Making the announcement Monday in a trembling voice, using words he had penned himself, John Key explained his decision at least in part by the toll his job had taken on his own family.
"Simply put, it has, for me, been the most remarkable, satisfying and exciting time of my life," said Mr. Key, according to the Associated Press. "All I can say is that I gave it everything I had.... I left nothing in the tank."
Prime Minister Key had been widely expected to run next year for a fourth term, with his National Party the favorite to win the most votes, but with this new turn of events, the political landscape could be about to shift. The first step, however, will be for the governing party to settle upon a new leader and prime minister; Key said he will be supporting his deputy, Bill English.

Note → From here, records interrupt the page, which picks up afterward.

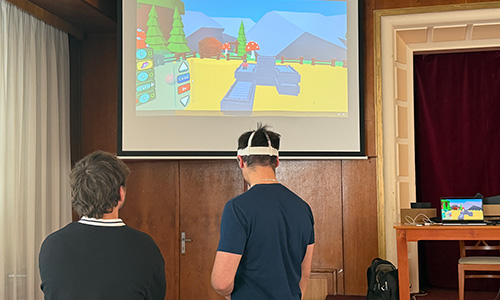 Praktični preizkus aplikacije Code in VR in spoznavanje učenja skozi virtualno resničnost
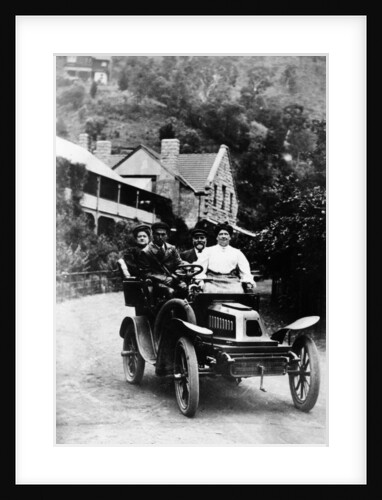A 1 cylinder De Dion car and passengers, 1904 by Unknown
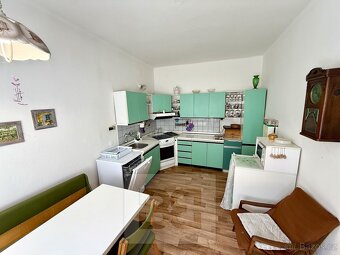 Rodinný dům 6+2 situovaný na klidném místě v centru obce Kru - 12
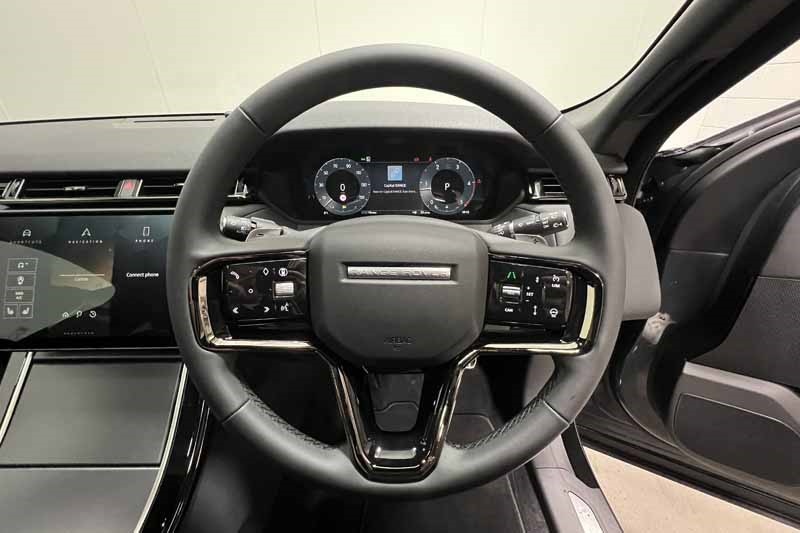 Used Land Rover Range Rover Velar 2025 for sale - 76981793: Photo 15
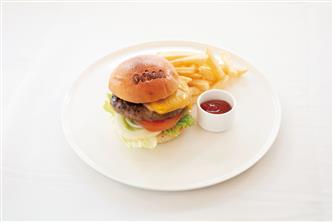 ④オリオン照り焼きバーガーフライドポテト添え
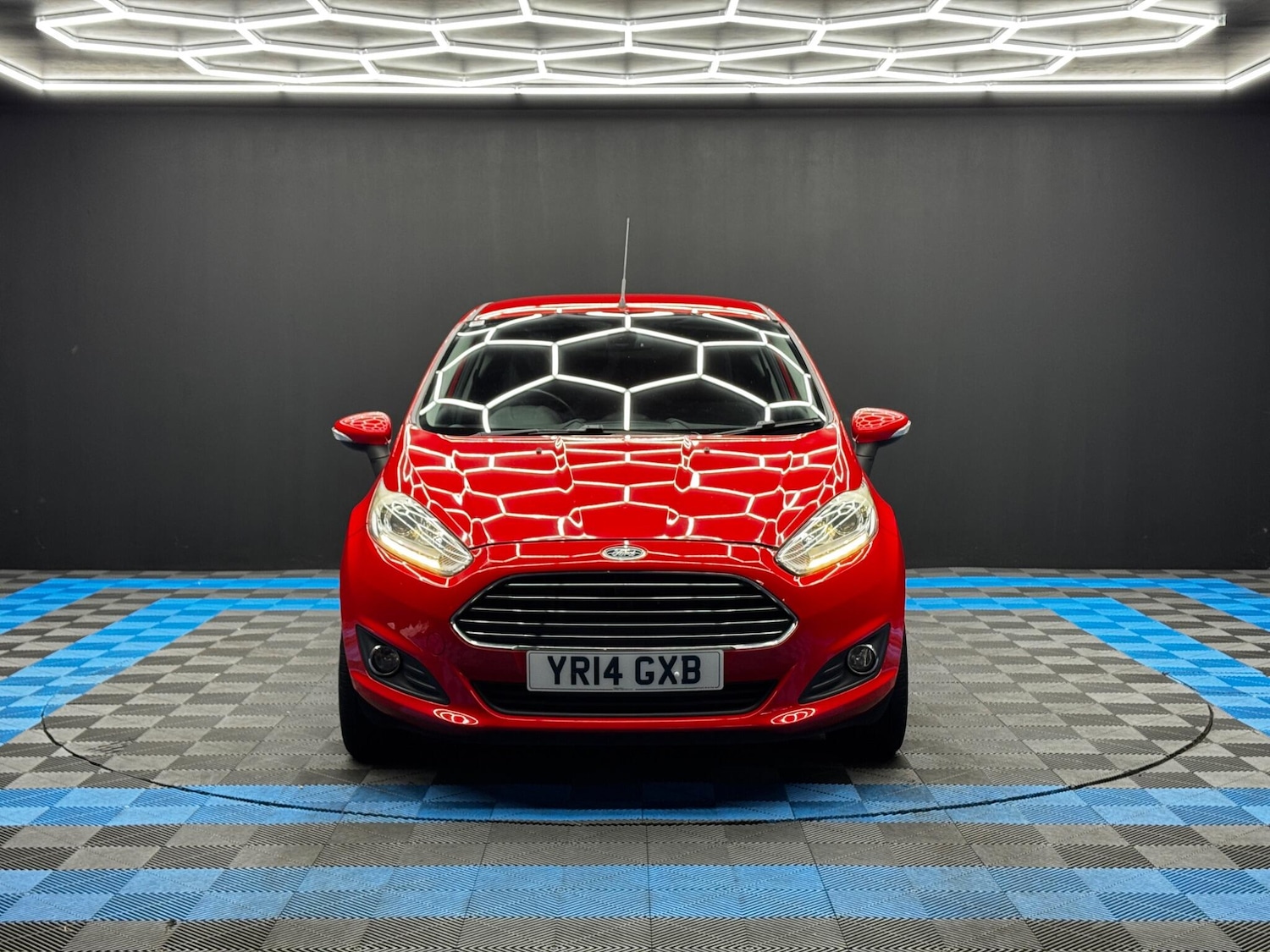 Used Ford Fiesta 2014 for sale - 76701882: Photo 2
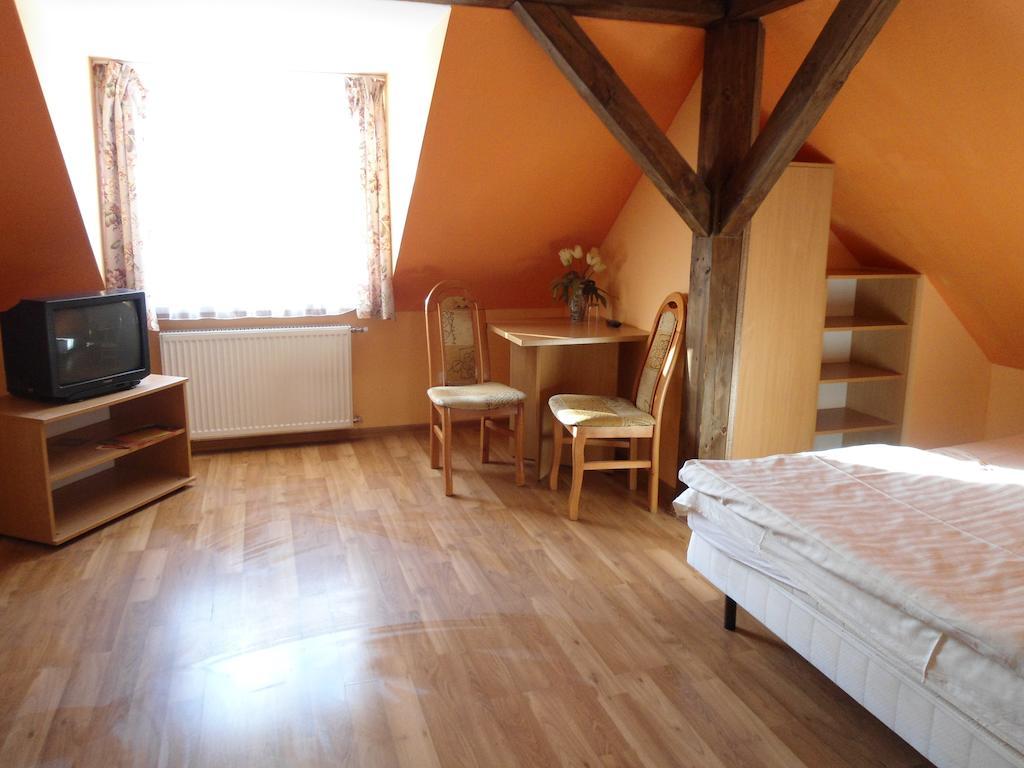 Hotel Pod Platanami Trzebnica Camera foto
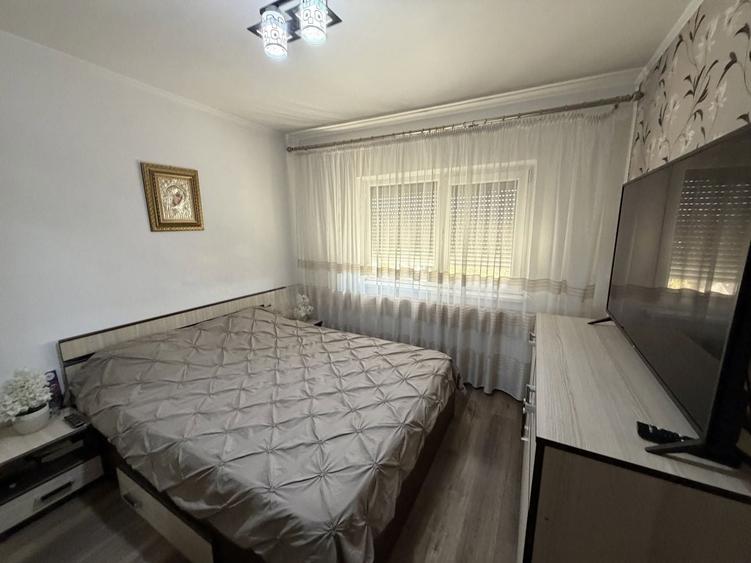 Apartament cu 3 camere decomandat, mobilat în Buzaului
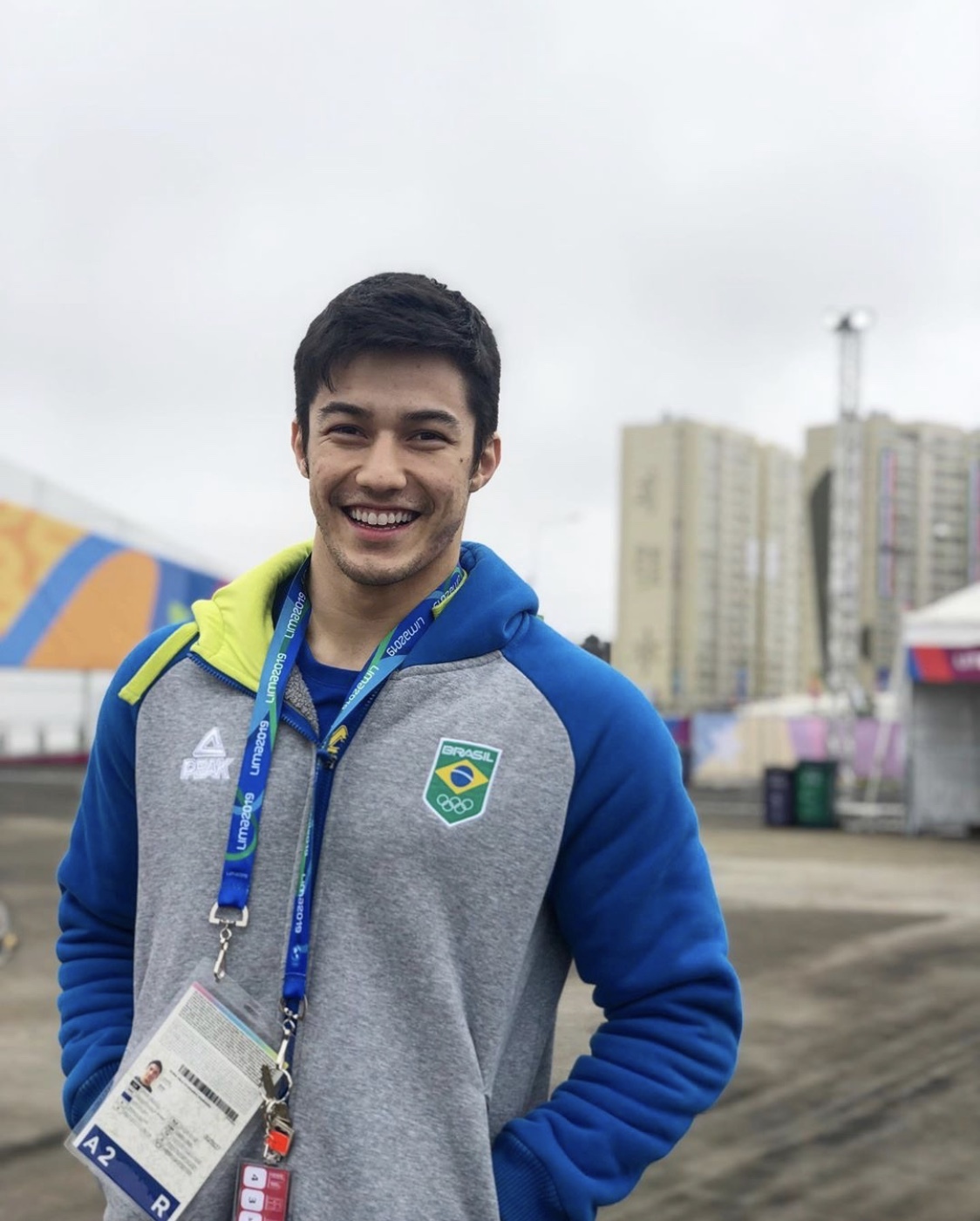 毕竟大家冲的都是一片网,在arthur nory刚进入大众视野,就找到了关于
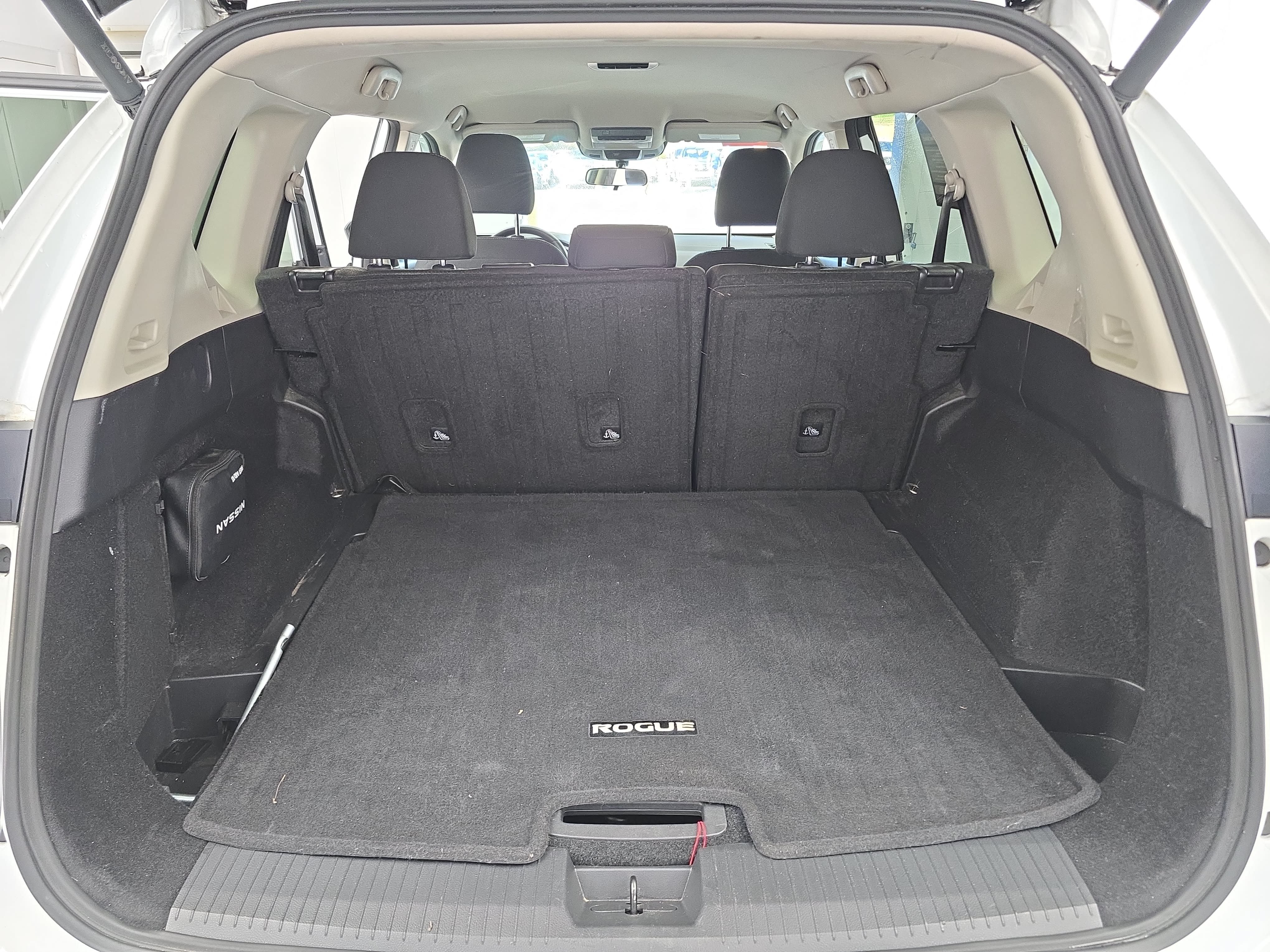 Certified 2025 Nissan Rogue SV FWD image 12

Asked in an interview with the New Zealand Herald for assurances that there was nothing “untoward” behind the decision, Key described his marriage as “rock solid” and his health as "tickety-boo."
"In a way, no modern-day prime minister post-war has left on their own terms," said Key, and by stepping down now, he felt that New Zealand could demonstrate a "new way of doing things."
The outgoing prime minister has retained remarkable popularity ratings throughout his tenure, having successfully steered the country through the financial crisis of 2008, leaving it now with an annual growth of gross domestic product of more than 3 percent and a rate of unemployment below 5 percent.
He also earned praise for his stewardship in the wake of two devastating earthquakes in the Christchurch area.
Prime Minister Malcolm Turnbull of Australia, according to The Australian newspaper, texted his counterpart in New Zealand following the announcement, saying "Say it ain’t so, bro."
"He has gone, as he said, while he is on top," Mr. Turnbull said. "He has retired when people are begging him to stay. He is a class act, none classier."
As for life after politics, Key had no particular plans, saying only that he would likely take positions on a couple of company boards, alongside international speaking engagements; he will remain in parliament long enough so that no special election is required ahead of next year’s general election.
This report contains material from the Associated Press and Reuters.